S4 Inc. personnel monitor and report on the security of USSTRATCOM networks by monitoring security Information Assurance Vulnerability Alerts and implementing security procedures, such as firewall administration and virus protection strategies, to protect networks from unauthorized access. S4 has provided Security Incident & Event Management (SIEM) Services, Demilitarized Zone (DMZ) Services, and Malware Detection & Protection (MDP) Services for our customers. We support deployment of tools, provide HBSS engineering and analysis support and Security Incident and event management.

For the N&NC CWOC, S4 analysts perform assessments of Information Assurance Vulnerability Assessment (IAVA) compliance and maintain global situational awareness of IA and CND events. S4 tracks and reports network changes, such as INFOCON; IAVA system; USCYBERCOM and JFHQ-DODIN Tasking Order (TASKORD)/Warning Order (WARNORD); Fragmented Order (FRAGO) and Operation Order (OPORD) notifications. We provide characterization and assessment of C4 incidents and issues, as well as situational awareness reports, for review and Government acceptance. S4 develops and provides recommended TTPs to improve installation, integration, and employment of new and existing IA/CND and Enterprise Management toolsets. S4 also develops Course of Action (COA) plans to mitigate any potential N&NC degradations. We facilitate assessments and validation of N&NC compliance with IA/CND policy and directives. S4 assists in the coordination with N&NC Information Assurance for active Risk Assessments and Management/Mitigation and Information Assurance initiatives.

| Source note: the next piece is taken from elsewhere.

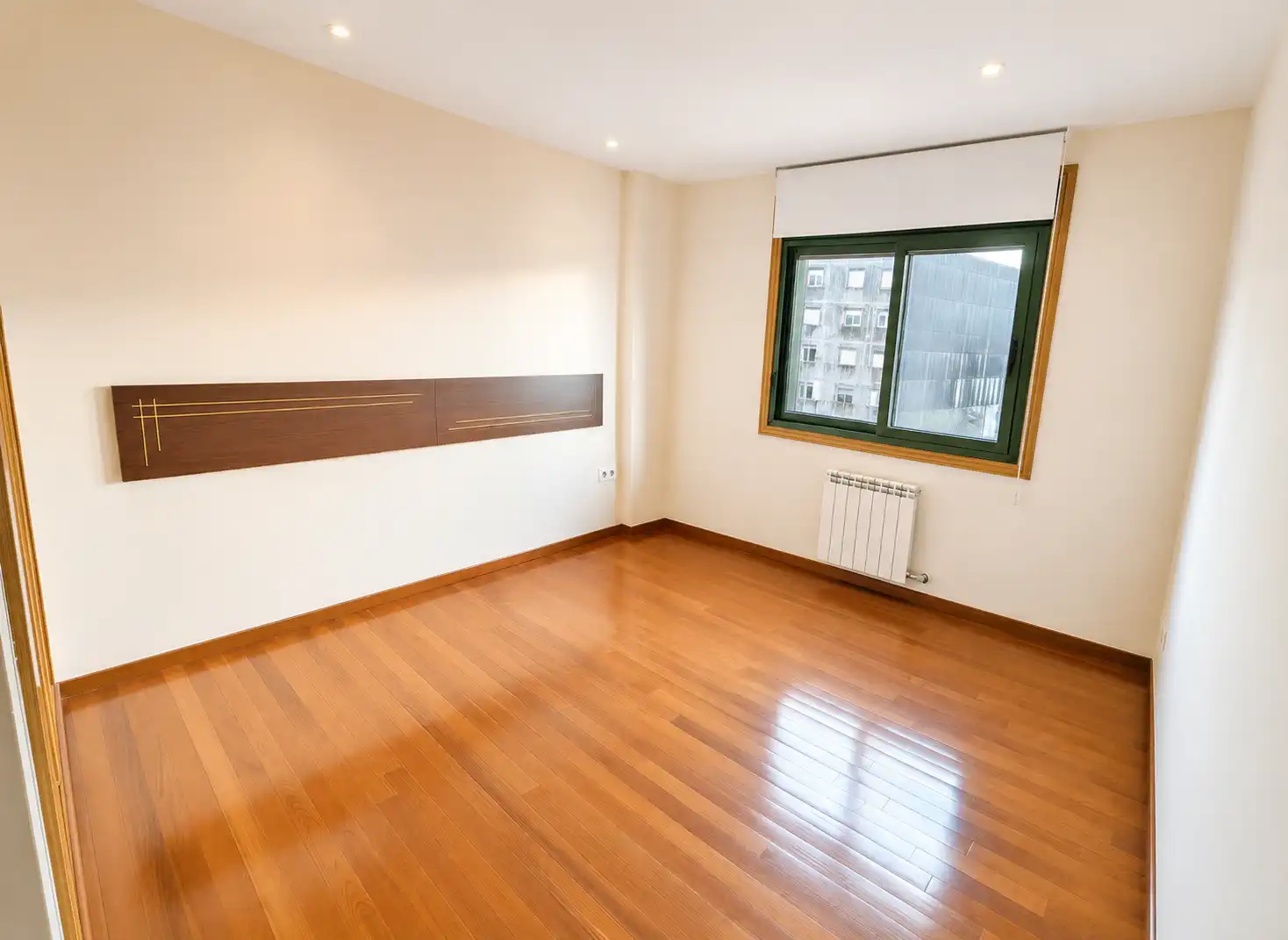 Habitación de Piso en venta en Marín con Calefacción y Trastero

Risk Management Framework (RMF)

S4 Inc serves as the subject matter expert for USSTRATCOM/J64’s Risk Management Framework (RMF) overseeing DODI 8510.01 (RMF) activities, assessing systems IAW DODI 8500.2 and CNSSI 1253 and selecting security controls (NIST 800-53). S4 provides RMF support for IT system hardware, software, and network operations supporting the Command and Control Facility (C2F). S4 performs cybersecurity roles and initiates RMF processes for assigned systems. We provide cybersecurity analysis support and recommendations including system-level risk analysis, security control selection and implementation, risk identification, remediation, and mitigation. S4 analyzes plan of action and milestones (POA&M) and provides recommendations on operational cybersecurity issues. We also provide analysis to optimize cybersecurity risk mitigation strategies. S4 analyzes certification evidence and artifacts, conducts risk analysis and prepares recommendations for accreditation decisions.

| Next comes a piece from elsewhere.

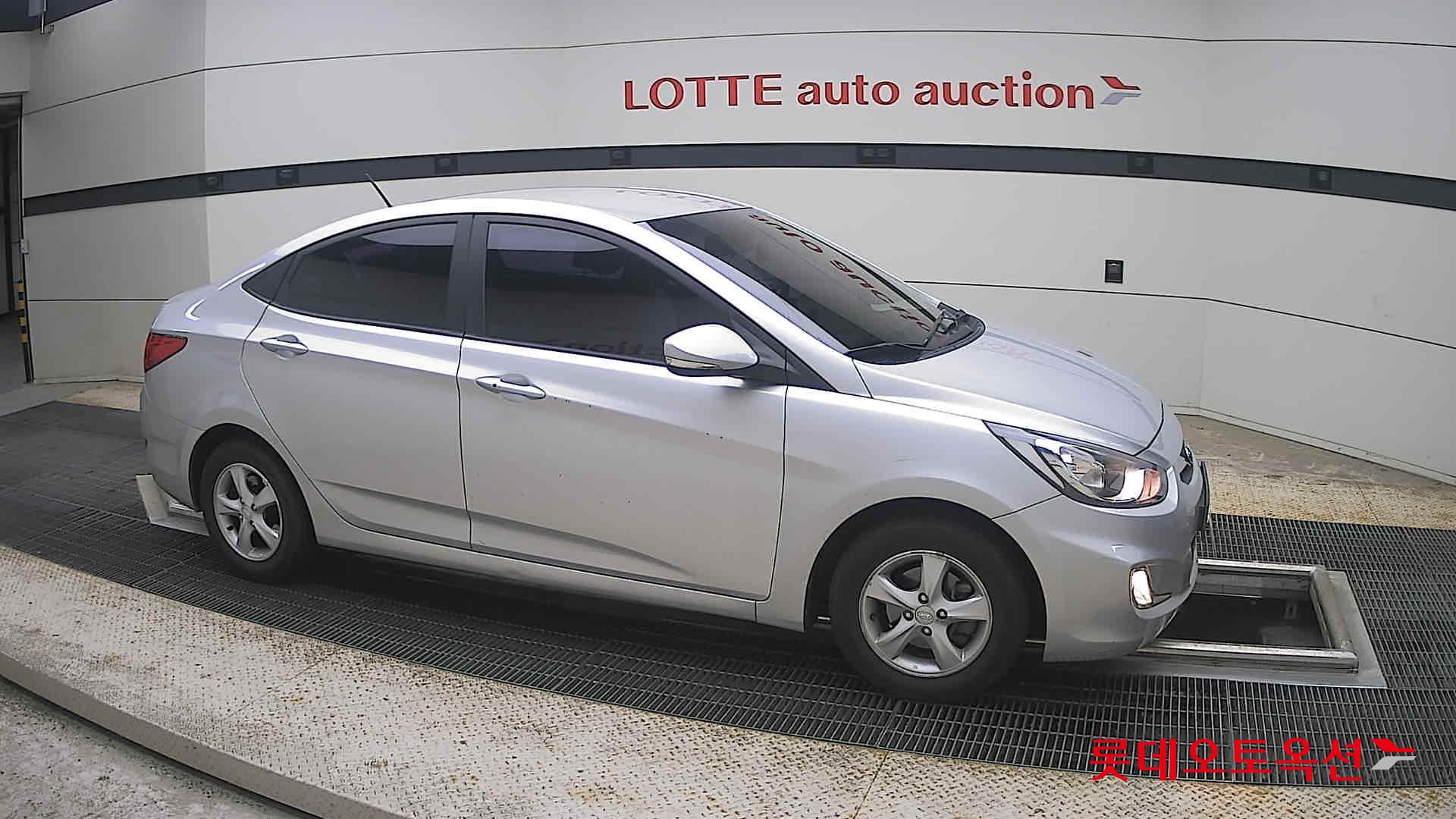2012 - hyundai accent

S4 provides technical assessments, risk analysis, mission impact assessments, and recommendations to mitigate any potential N&NC degradations. S4 validates current policy requirements and reports non-compliance using the required DoD compliance reporting system. S4 helps develop and integrate operational TTPs internal and external to N&NC; Playbooks; Development of Theater Net-Centric Strategies; NetOps situational awareness operations; and NetOps Concept of Operations (CONOPS). We conduct analysis of all issues associated with and required for situational awareness of N&NC systems, networks and services.